(Exercise) Having located the line with "Toe Fretwork Heels", repeat it and all remaining lines of the records exactly. Pictures do not belong in the answer.

[Scraped caption text data]
-----

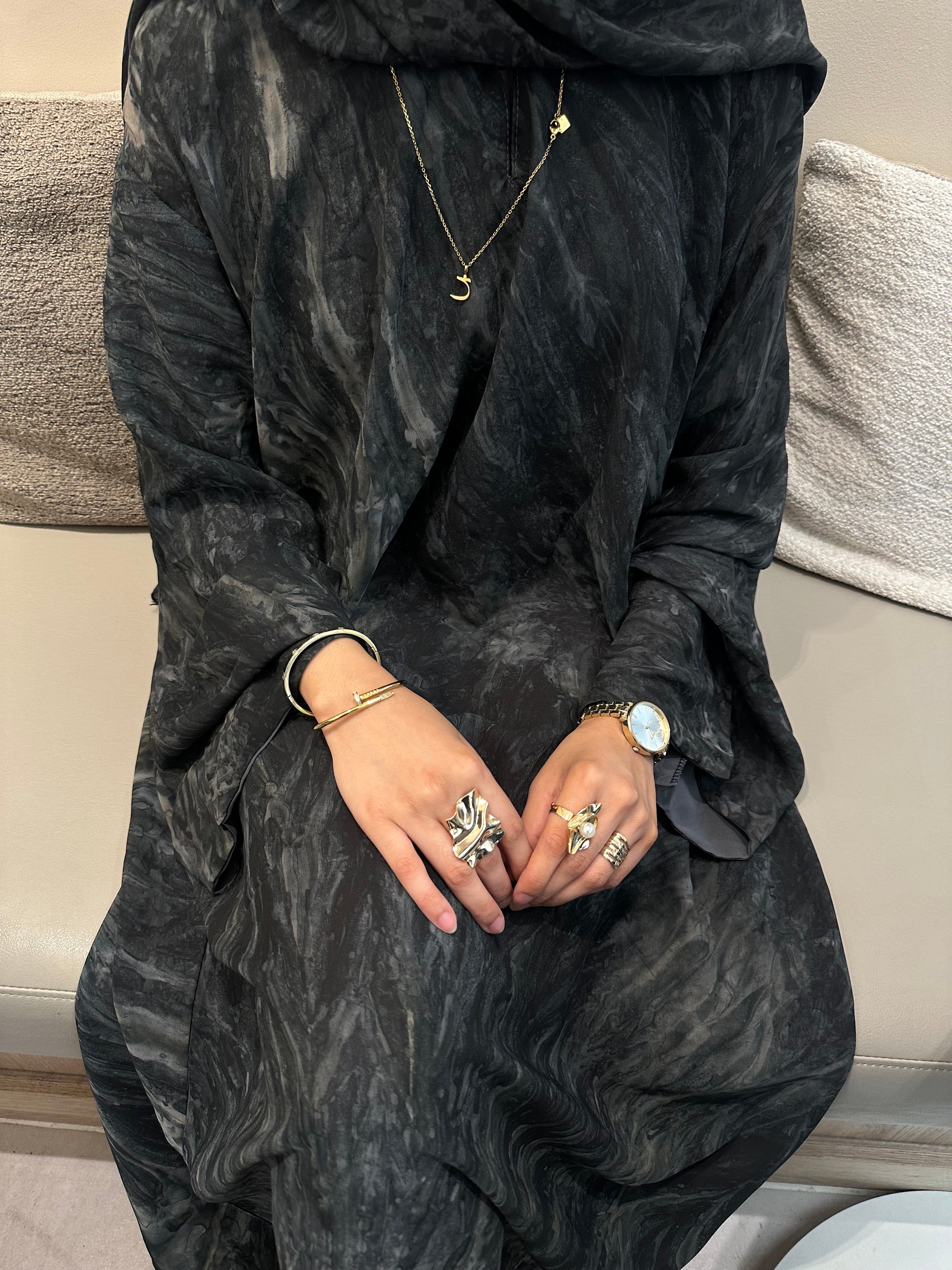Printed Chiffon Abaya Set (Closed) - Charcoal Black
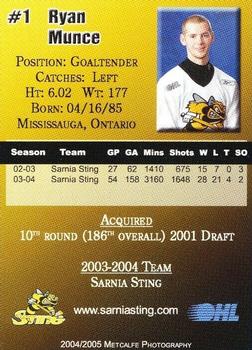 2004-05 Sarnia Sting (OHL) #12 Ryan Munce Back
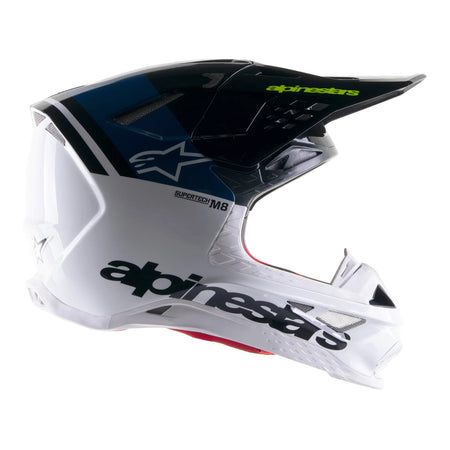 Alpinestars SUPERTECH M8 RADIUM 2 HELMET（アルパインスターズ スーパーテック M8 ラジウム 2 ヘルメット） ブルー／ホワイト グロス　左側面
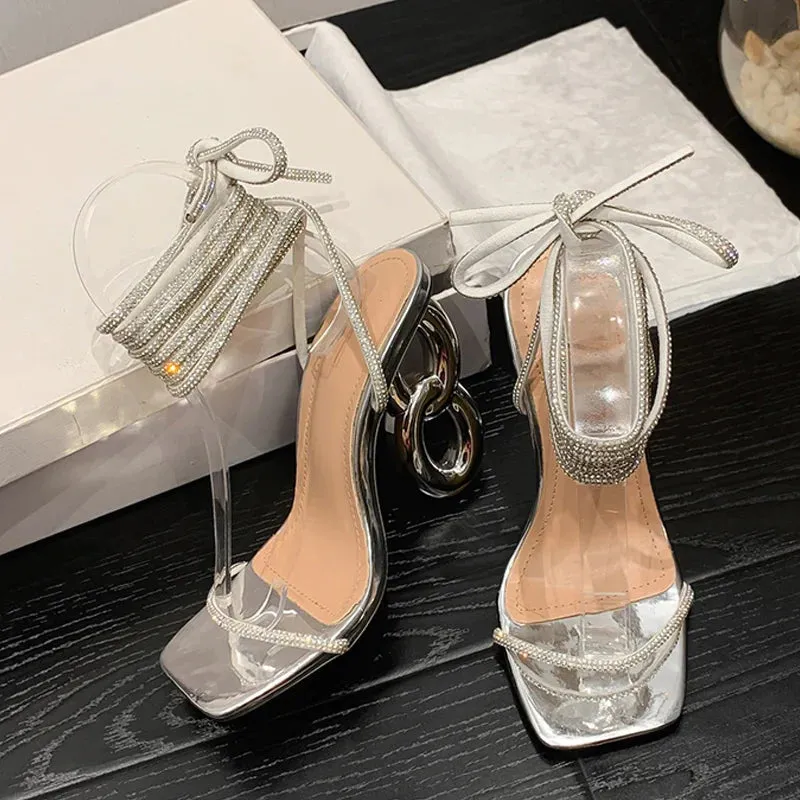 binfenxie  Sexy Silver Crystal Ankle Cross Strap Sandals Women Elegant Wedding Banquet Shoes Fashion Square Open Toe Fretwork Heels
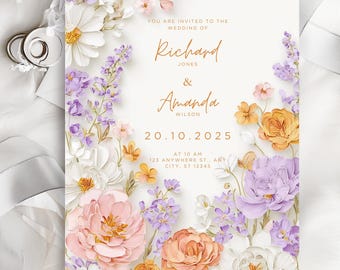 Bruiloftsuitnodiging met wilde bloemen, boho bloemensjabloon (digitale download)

-----

(Exercise result)
 binfenxie  Sexy Silver Crystal Ankle Cross Strap Sandals Women Elegant Wedding Banquet Shoes Fashion Square Open Toe Fretwork Heels
 Bruiloftsuitnodiging met wilde bloemen, boho bloemensjabloon (digitale download)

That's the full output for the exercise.